2. Understand your existing audience
Understanding where your most valuable audiences come from will help you identify new acquisition opportunities. Analysts should therefore dig into their data to answer:
- Are subscription purchasers new to the organization, or were they previous customers who have been upsold?
- What campaigns or moments have been most effective at driving these purchases?
- What channels have seen the most success in converting existing customers?
This analysis can then be combined with a qualitative and quantitative survey to current customers to understand what motivated them to become a subscriber.
Recommendation: Build up a full data-driven picture of where the most valuable customers have come from and what motivated them to make a regular purchase.
3. Create a consistent consumer journey
The most common time for an individual to cancel their monthly payment is just after their first transaction. Make sure you welcome new members appropriately: We recommend creating a triggered cadence of personalized communications designed to welcome the individual to the program. These messages should provide a story that is consistent with the value proposition: for nonprofits, you emphasize the huge impact of their regular gift; for brands, you could focus on all the benefits offered by their new subscription.
Subsequent communications should highlight the recipient’s membership to an exclusive club, containing specific branding and custom content that references their special status, and makes them feel closer to the organization and its purpose.
Recommendation: Craft a communication program distinct to the recurring audience, e.g. a triggered onboarding series and ongoing, personalized messages.
4. Prevent lapse
As I’ve discussed on this blog before, 43% of cancellations take place in the five days after their most recent gift. Identifying when customers are most likely to disengage allows for organizations to develop a contingency plan to address these root causes of lapse and keep your audiences happy and engaged.
As with recurring donors, think about ways you can prevent both automatic and manual cancellations through innovative messaging and keeping your data up to date.
Recommendation: Identify the top moments audiences are likely to lapse and develop tailored communications for each.
5. Take the long view
One of the challenges in building out a subscription revenue model is that there will always be a short-term opportunity cost. Comparing the cost/benefit of running a campaign promoting regular donations rather than one-off gifts will always favor the one-off revenue — unless the expected lifetime value of the recurring donor is fully taken into account.
A recent study conducted by Blue State across a number of nonprofits with monthly giving programs found that within the space of just 12 months, every new recurring donor is worth the same as 2.5–3.7 one-off donors (and that ratio only increases as time goes on).
This is as true for brands as it is for nonprofits: Without a full data-driven picture of the lifetime value of customers, we cannot make objective decisions about which programs to invest in. Our natural biases will therefore favor the approach that maximizes short-term revenue (to reach our immediate targets) rather than the approach that provides the most benefit in the long term.

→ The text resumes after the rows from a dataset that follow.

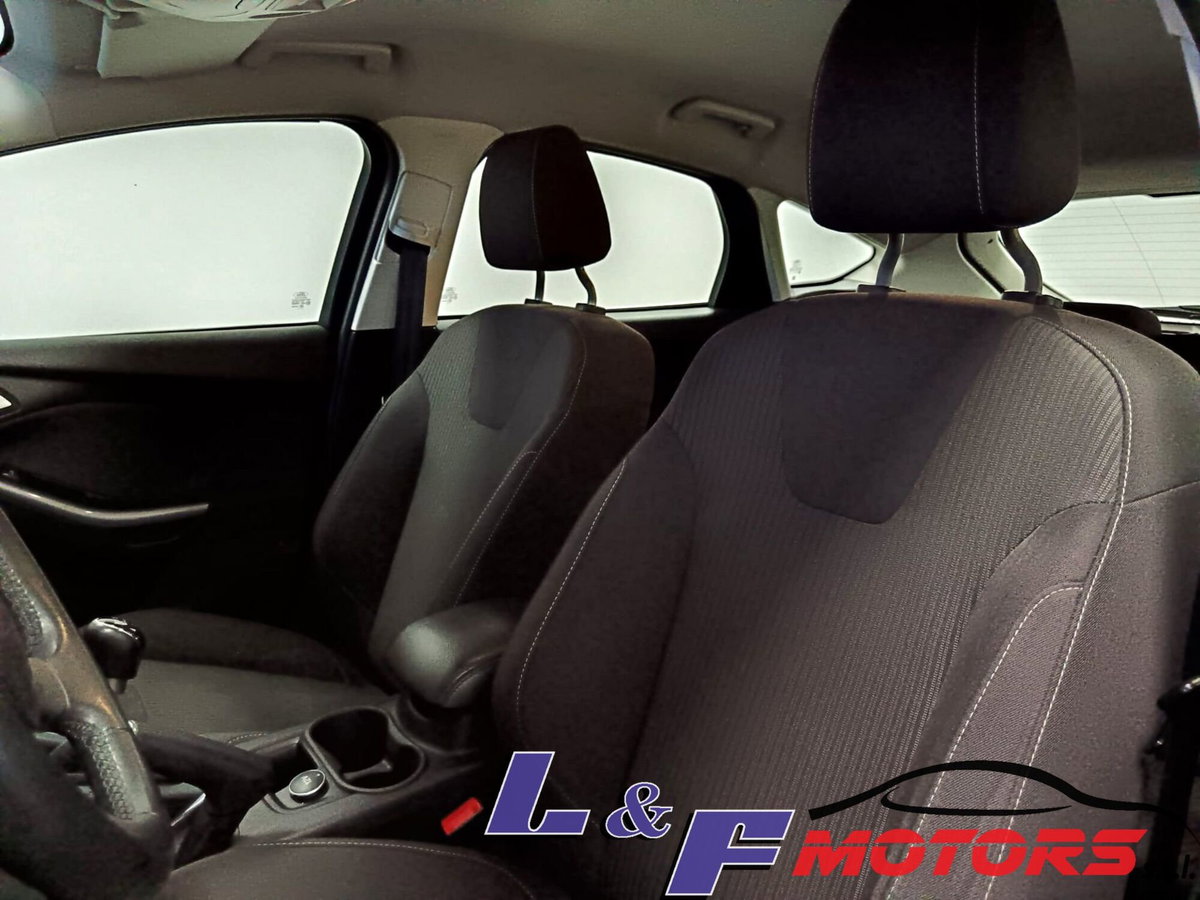 Ford Focus 1.6 TDCi 95 CV (14)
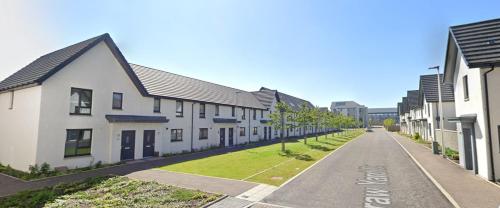 Newbuild - 3 bedrooms, 2 baths,5 mins from airport - Edinburgh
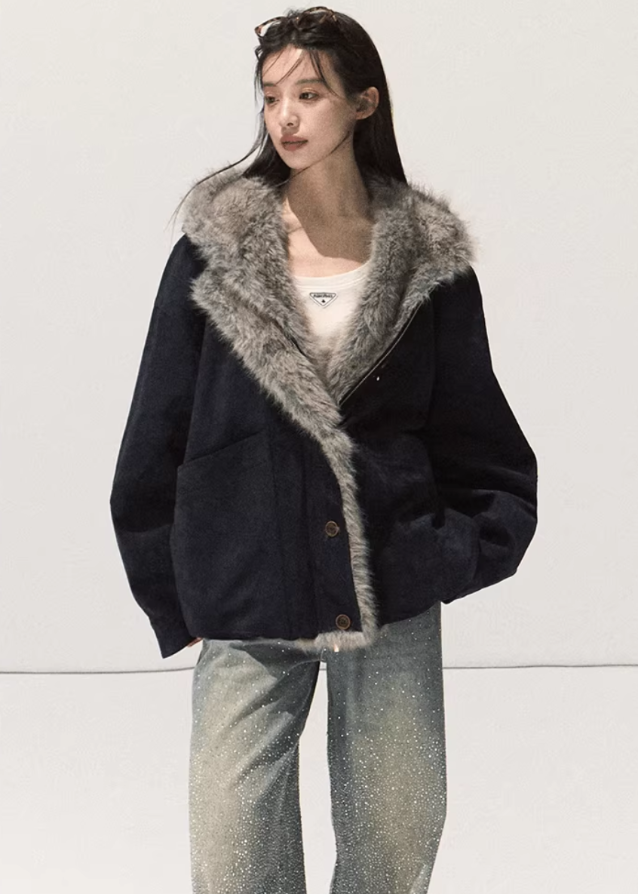 suede fur jacket women, eco friendly faux fur coat, winter 2025 suede outerwear, thick warm fur collar jacket, korean street winter coat, vintage suede shearling jacket, soft suede faux fur jacket women, oversized cozy winter outerwear, nowa tokyo high end street fashion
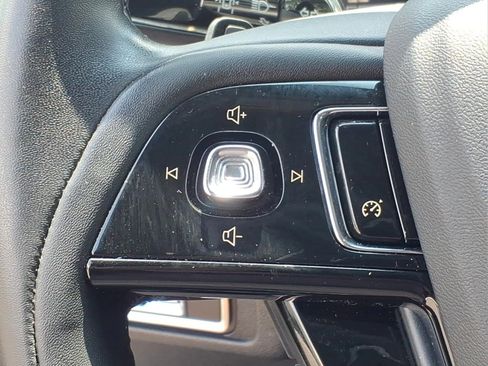 Certified 2022 Lincoln Corsair AWD w/ Equipment Group 101A image 12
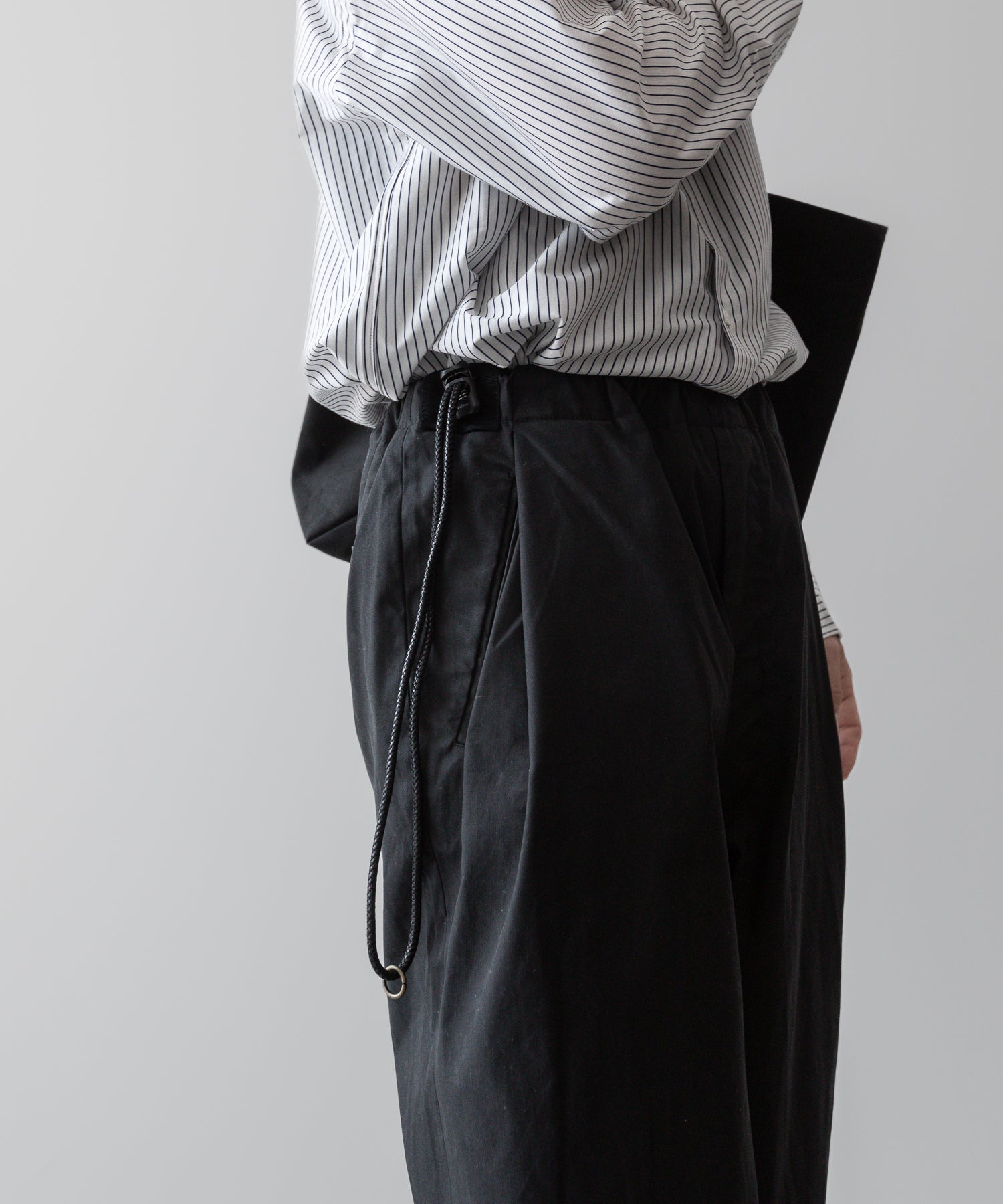 【ANTHEM A】COTTON TWILL NO-BRAINER PANTS - BLACK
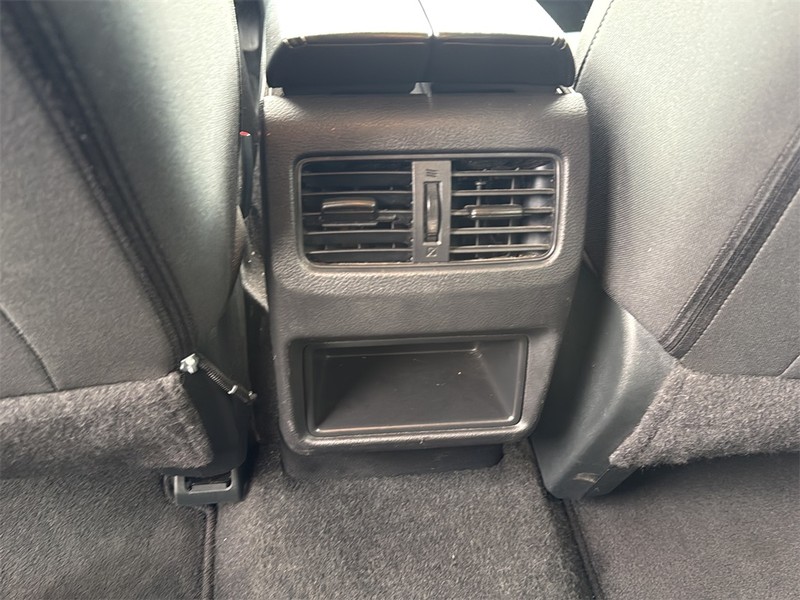 Nissan Rogue Vehicle Full-screen Gallery Image 17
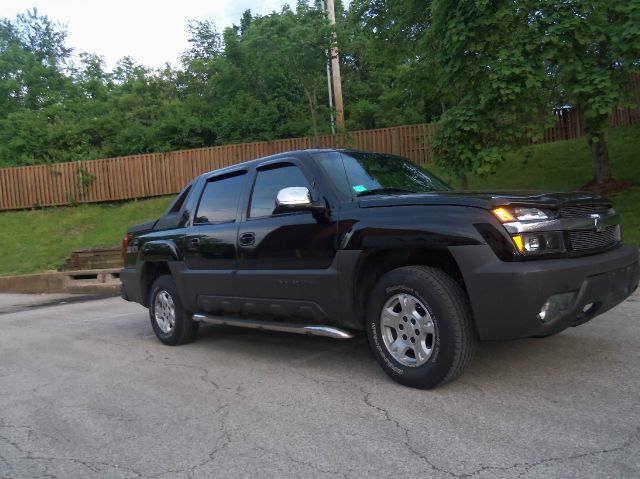 2003 Chevrolet Avalanche C350 4dr Sdn 3.5L Sport RWD Sedan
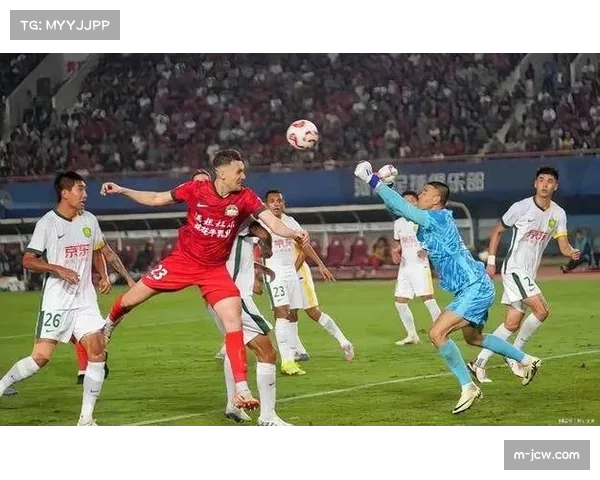 北京国安3-0河南夺足协杯，法比奥点射梅开二度时隔七年再捧杯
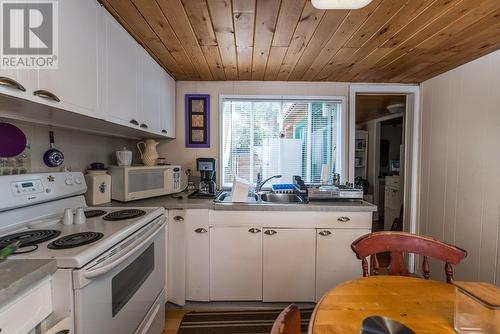 51900 Lloyd Drive, Prince George, BC - Indoor Photo Showing Kitchen With Double Sink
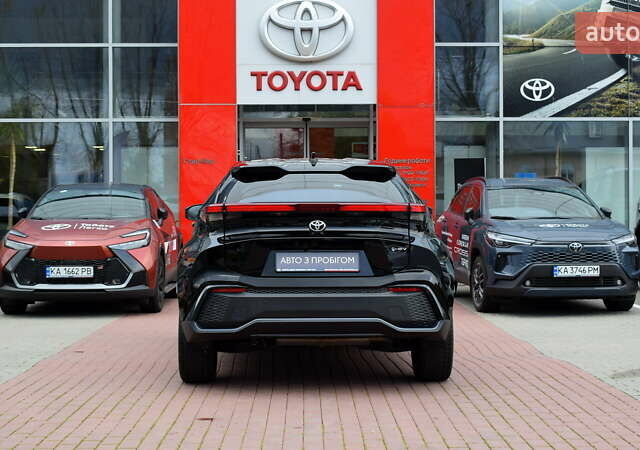 Жовтий Тойота C-HR, об'ємом двигуна 1.99 л та пробігом 17 тис. км за 39200 $, фото 3 на Automoto.ua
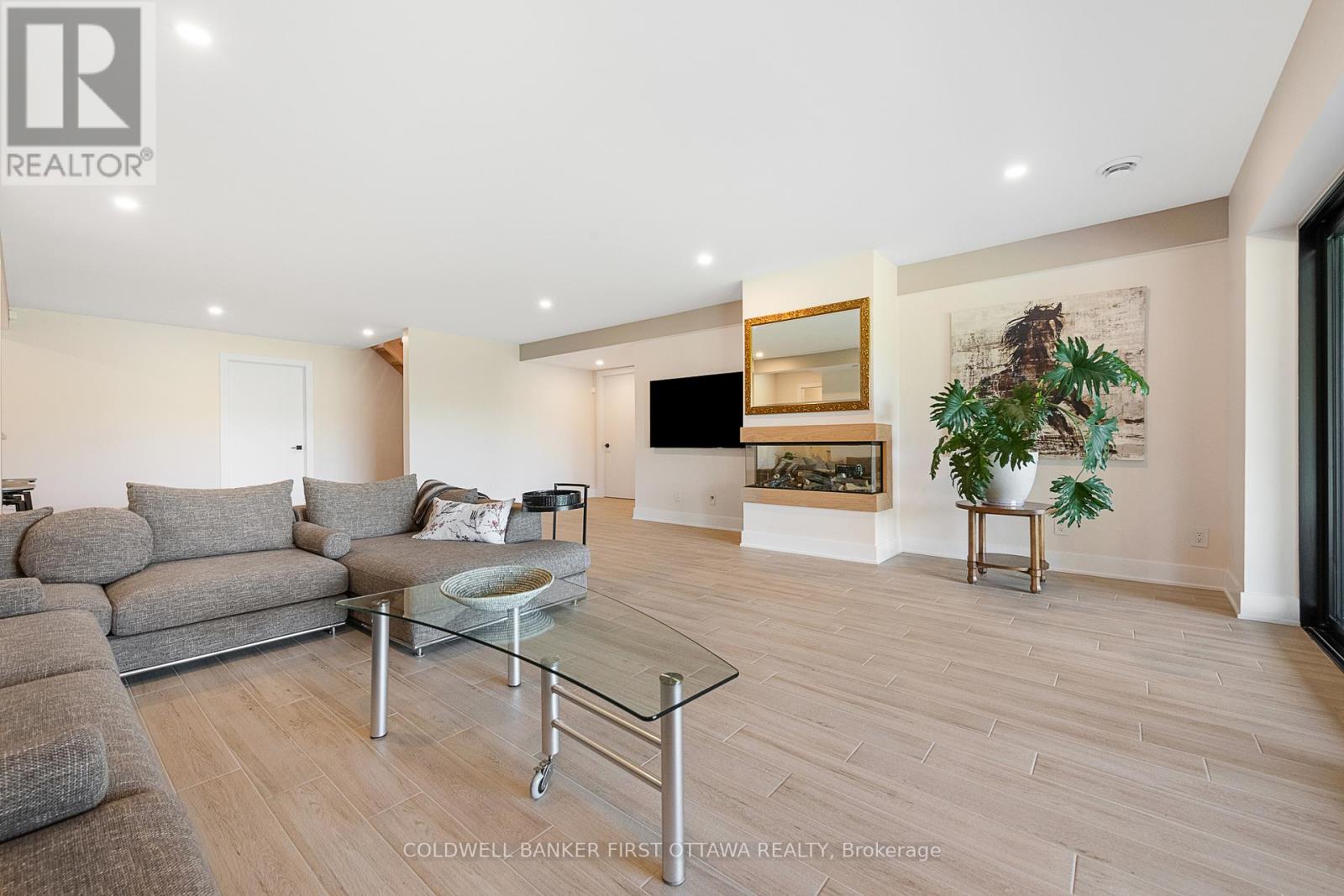 1981 Prince Of Wales Drive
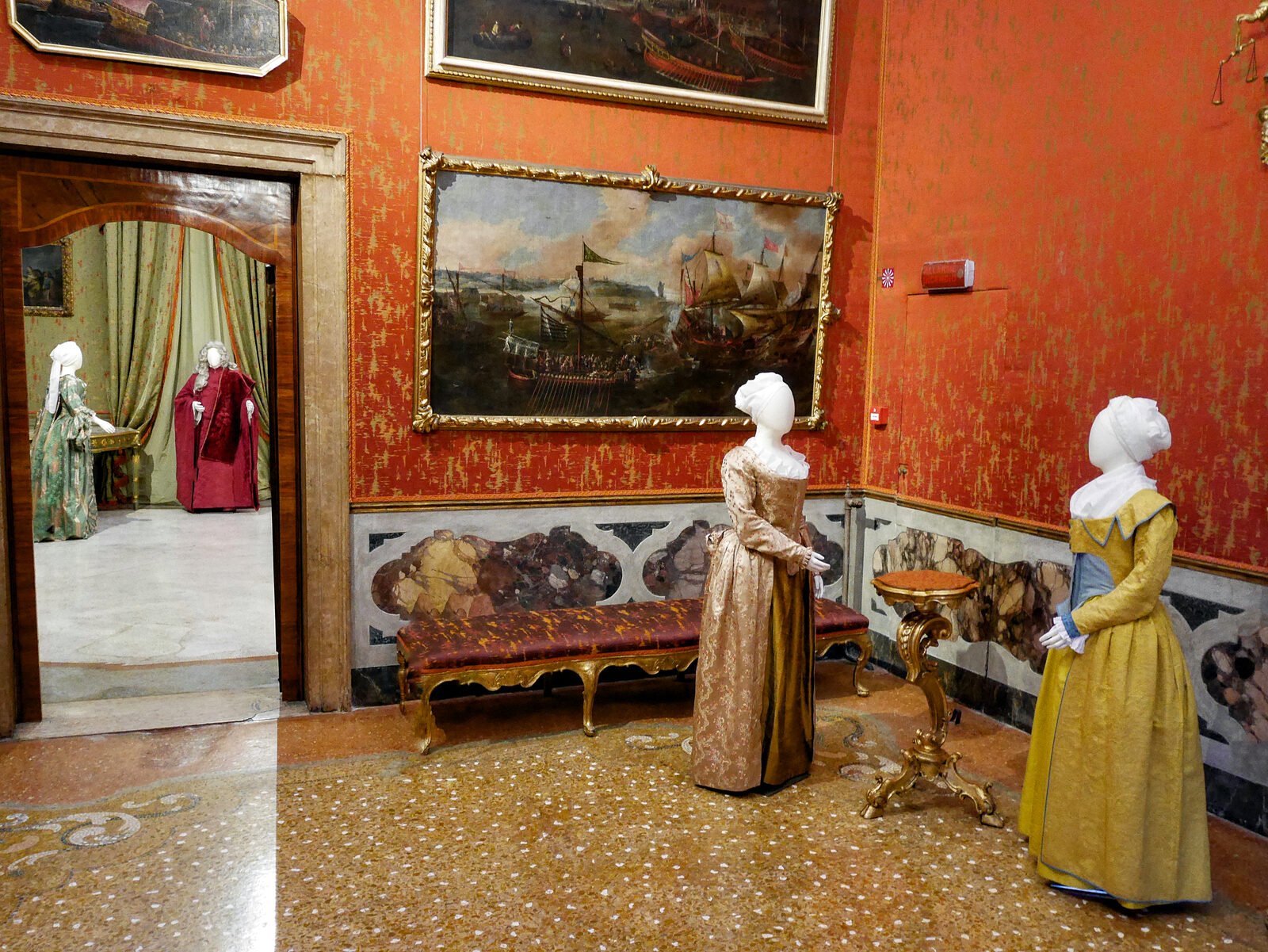 Palazzo Mocenigo : The rooms themselves are extravagantly decorated and numerous paintings depict epic battles fought by the Venetian fleet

Recommendation: Reflect the anticipated lifetime value of new customers in all dashboards, reports, and test result calculations to ensure that decisions are made based on the most appropriate long-term perspective.
More alike than not
While it may appear that corporations and nonprofits are worlds apart, in reality the parallels between the two can be striking. While subscriptions may feel like new territory to brands, nonprofits have been at this for years. As long as you make it worth your audience’s while, both donors and customers will stick around.